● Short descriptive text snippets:
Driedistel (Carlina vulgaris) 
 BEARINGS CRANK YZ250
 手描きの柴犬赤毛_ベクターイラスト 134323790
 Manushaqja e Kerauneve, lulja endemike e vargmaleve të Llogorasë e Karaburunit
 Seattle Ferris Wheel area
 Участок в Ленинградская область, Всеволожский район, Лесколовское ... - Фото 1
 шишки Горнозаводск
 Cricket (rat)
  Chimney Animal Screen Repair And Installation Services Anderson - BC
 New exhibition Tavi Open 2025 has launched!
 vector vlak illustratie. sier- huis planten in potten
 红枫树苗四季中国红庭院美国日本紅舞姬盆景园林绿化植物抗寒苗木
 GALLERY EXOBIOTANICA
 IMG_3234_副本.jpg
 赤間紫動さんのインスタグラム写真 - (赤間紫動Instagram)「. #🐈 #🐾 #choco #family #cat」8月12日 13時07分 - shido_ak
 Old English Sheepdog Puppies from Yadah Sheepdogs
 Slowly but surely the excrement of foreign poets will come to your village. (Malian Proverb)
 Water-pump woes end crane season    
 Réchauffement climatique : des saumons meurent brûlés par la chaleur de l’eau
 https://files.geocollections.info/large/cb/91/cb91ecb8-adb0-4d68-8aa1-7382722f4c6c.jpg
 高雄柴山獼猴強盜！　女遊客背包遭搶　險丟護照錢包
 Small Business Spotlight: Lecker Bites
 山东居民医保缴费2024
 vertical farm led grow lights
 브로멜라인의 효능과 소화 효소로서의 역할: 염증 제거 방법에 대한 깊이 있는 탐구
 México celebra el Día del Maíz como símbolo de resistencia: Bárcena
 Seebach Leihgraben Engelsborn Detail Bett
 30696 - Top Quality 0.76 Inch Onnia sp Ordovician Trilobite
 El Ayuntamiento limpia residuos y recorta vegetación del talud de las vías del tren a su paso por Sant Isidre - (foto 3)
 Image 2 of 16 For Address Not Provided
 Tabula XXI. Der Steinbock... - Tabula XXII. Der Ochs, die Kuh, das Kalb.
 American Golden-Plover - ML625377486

● Exercise goal:
Every entry must be set down exactly, with nothing left out.

● Response to this task:
Driedistel (Carlina vulgaris) 
 BEARINGS CRANK YZ250
 手描きの柴犬赤毛_ベクターイラスト 134323790
 Manushaqja e Kerauneve, lulja endemike e vargmaleve të Llogorasë e Karaburunit
 Seattle Ferris Wheel area
 Участок в Ленинградская область, Всеволожский район, Лесколовское ... - Фото 1
 шишки Горнозаводск
 Cricket (rat)
  Chimney Animal Screen Repair And Installation Services Anderson - BC
 New exhibition Tavi Open 2025 has launched!
 vector vlak illustratie. sier- huis planten in potten
 红枫树苗四季中国红庭院美国日本紅舞姬盆景园林绿化植物抗寒苗木
 GALLERY EXOBIOTANICA
 IMG_3234_副本.jpg
 赤間紫動さんのインスタグラム写真 - (赤間紫動Instagram)「. #🐈 #🐾 #choco #family #cat」8月12日 13時07分 - shido_ak
 Old English Sheepdog Puppies from Yadah Sheepdogs
 Slowly but surely the excrement of foreign poets will come to your village. (Malian Proverb)
 Water-pump woes end crane season    
 Réchauffement climatique : des saumons meurent brûlés par la chaleur de l’eau
 https://files.geocollections.info/large/cb/91/cb91ecb8-adb0-4d68-8aa1-7382722f4c6c.jpg
 高雄柴山獼猴強盜！　女遊客背包遭搶　險丟護照錢包
 Small Business Spotlight: Lecker Bites
 山东居民医保缴费2024
 vertical farm led grow lights
 브로멜라인의 효능과 소화 효소로서의 역할: 염증 제거 방법에 대한 깊이 있는 탐구
 México celebra el Día del Maíz como símbolo de resistencia: Bárcena
 Seebach Leihgraben Engelsborn Detail Bett
 30696 - Top Quality 0.76 Inch Onnia sp Ordovician Trilobite
 El Ayuntamiento limpia residuos y recorta vegetación del talud de las vías del tren a su paso por Sant Isidre - (foto 3)
 Image 2 of 16 For Address Not Provided
 Tabula XXI. Der Steinbock... - Tabula XXII. Der Ochs, die Kuh, das Kalb.
 American Golden-Plover - ML625377486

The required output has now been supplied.